**Task objective:** Only lines containing "Stand" belong in the answer, each copied from the entries below.

─── Dataset excerpts

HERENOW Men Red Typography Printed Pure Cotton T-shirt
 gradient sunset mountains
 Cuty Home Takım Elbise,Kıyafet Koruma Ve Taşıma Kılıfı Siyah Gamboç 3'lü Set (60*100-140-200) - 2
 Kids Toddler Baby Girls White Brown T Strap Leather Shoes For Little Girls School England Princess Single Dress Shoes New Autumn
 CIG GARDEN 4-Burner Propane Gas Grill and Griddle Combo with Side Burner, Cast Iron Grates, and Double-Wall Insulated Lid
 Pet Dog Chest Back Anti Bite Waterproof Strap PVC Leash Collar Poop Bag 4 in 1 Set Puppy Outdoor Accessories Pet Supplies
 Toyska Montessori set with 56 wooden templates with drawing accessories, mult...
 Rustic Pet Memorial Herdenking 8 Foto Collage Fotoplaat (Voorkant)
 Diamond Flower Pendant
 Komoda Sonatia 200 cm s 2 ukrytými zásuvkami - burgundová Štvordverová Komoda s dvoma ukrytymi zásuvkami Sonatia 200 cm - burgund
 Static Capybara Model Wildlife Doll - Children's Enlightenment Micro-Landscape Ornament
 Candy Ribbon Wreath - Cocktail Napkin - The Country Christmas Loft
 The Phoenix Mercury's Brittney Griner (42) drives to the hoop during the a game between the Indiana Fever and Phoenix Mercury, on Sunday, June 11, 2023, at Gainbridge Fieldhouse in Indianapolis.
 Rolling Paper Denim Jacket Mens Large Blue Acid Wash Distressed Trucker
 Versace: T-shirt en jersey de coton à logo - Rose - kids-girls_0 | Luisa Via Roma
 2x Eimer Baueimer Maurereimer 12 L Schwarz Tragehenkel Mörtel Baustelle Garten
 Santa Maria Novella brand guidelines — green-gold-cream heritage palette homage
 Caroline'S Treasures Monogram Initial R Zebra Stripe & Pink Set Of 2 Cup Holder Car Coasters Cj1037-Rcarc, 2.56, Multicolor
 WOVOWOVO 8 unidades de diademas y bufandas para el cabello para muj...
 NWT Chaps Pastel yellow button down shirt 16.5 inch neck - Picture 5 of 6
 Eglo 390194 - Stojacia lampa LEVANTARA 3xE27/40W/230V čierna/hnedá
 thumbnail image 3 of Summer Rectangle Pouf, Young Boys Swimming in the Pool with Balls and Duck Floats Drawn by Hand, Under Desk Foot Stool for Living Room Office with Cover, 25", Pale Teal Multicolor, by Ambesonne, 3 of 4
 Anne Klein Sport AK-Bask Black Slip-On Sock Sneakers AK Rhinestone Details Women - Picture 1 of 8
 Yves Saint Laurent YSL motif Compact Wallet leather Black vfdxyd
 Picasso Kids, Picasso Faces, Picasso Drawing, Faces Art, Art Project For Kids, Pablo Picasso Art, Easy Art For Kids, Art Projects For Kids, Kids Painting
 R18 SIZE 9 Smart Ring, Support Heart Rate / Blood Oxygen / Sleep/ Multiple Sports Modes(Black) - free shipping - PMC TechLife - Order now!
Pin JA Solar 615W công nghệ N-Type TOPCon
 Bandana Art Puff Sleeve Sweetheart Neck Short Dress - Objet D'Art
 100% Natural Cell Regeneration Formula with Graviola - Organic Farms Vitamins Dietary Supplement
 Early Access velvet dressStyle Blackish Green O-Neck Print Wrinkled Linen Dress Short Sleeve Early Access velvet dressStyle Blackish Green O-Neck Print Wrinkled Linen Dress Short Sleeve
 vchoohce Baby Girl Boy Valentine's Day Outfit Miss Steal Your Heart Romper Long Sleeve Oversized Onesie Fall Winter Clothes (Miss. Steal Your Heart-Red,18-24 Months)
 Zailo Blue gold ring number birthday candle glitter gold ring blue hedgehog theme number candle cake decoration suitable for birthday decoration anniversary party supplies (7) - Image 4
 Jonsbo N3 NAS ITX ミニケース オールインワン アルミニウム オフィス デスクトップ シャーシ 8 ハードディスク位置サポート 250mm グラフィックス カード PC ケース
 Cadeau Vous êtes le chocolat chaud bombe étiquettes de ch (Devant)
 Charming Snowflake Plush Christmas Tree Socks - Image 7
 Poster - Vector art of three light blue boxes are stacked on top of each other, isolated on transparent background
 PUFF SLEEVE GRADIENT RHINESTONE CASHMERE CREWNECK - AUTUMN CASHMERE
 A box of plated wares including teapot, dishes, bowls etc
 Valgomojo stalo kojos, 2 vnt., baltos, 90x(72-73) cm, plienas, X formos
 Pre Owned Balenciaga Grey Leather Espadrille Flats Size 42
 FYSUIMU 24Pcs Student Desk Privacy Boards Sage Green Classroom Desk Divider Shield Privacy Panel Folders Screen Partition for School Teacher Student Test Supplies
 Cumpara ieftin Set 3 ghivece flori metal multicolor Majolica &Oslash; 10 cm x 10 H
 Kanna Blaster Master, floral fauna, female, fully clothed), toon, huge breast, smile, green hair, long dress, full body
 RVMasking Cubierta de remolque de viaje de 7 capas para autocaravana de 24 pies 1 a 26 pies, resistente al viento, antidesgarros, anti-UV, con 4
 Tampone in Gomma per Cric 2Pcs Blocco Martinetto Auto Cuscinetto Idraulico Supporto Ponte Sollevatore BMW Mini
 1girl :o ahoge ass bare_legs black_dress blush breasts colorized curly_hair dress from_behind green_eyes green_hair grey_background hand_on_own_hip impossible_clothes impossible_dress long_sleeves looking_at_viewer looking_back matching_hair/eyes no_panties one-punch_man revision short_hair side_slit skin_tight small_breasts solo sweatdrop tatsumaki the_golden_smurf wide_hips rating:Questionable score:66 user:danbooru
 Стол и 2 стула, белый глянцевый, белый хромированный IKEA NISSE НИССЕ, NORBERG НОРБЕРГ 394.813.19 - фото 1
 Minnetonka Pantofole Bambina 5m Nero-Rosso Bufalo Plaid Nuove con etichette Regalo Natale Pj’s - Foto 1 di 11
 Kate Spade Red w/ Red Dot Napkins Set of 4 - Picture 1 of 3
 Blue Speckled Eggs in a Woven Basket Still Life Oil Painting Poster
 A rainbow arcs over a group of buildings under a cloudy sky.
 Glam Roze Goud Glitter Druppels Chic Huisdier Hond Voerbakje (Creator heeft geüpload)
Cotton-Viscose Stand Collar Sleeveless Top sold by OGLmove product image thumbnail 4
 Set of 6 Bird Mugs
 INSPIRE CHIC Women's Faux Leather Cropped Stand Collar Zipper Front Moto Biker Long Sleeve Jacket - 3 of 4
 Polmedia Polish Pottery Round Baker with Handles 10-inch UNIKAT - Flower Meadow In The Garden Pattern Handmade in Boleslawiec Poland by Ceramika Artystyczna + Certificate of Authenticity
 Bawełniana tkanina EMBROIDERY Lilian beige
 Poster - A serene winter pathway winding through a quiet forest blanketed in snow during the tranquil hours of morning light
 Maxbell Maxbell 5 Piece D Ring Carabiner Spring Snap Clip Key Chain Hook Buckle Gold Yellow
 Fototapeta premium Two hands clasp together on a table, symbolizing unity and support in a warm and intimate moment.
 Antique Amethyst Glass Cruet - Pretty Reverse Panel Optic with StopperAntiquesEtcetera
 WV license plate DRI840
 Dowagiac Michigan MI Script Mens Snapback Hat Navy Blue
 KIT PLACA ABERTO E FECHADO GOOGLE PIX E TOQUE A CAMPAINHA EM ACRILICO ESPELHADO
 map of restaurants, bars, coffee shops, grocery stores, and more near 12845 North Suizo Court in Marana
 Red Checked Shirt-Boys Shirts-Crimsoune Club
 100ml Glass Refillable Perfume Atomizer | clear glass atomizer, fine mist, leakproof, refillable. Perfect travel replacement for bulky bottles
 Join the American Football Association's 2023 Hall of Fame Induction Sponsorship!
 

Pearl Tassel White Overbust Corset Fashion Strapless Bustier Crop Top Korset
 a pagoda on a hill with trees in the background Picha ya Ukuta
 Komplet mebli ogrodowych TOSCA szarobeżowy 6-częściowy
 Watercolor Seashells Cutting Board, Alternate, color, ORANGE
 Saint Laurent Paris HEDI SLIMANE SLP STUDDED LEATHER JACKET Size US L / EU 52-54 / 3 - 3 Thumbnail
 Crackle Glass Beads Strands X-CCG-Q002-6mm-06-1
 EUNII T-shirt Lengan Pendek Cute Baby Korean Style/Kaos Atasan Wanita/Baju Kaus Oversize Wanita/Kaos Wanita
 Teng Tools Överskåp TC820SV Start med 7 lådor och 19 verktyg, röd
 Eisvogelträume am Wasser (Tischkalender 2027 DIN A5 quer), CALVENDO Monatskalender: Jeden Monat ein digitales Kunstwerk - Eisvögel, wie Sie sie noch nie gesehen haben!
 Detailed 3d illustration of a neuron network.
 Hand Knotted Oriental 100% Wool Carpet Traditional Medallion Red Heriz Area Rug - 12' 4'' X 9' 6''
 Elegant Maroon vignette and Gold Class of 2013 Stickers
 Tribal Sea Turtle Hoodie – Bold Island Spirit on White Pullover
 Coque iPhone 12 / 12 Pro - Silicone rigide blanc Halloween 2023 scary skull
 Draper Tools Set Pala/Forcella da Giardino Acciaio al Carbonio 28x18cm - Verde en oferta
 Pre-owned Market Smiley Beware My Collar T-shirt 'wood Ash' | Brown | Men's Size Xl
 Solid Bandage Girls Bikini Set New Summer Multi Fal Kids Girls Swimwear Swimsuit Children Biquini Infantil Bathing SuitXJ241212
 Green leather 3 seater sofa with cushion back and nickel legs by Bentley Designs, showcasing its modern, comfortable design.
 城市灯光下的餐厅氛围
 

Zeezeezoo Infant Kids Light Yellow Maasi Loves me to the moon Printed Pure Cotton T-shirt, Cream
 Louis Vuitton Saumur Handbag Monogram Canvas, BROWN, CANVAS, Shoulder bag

──────

**Answer to the problem:**
Cotton-Viscose Stand Collar Sleeveless Top sold by OGLmove product image thumbnail 4
 INSPIRE CHIC Women's Faux Leather Cropped Stand Collar Zipper Front Moto Biker Long Sleeve Jacket - 3 of 4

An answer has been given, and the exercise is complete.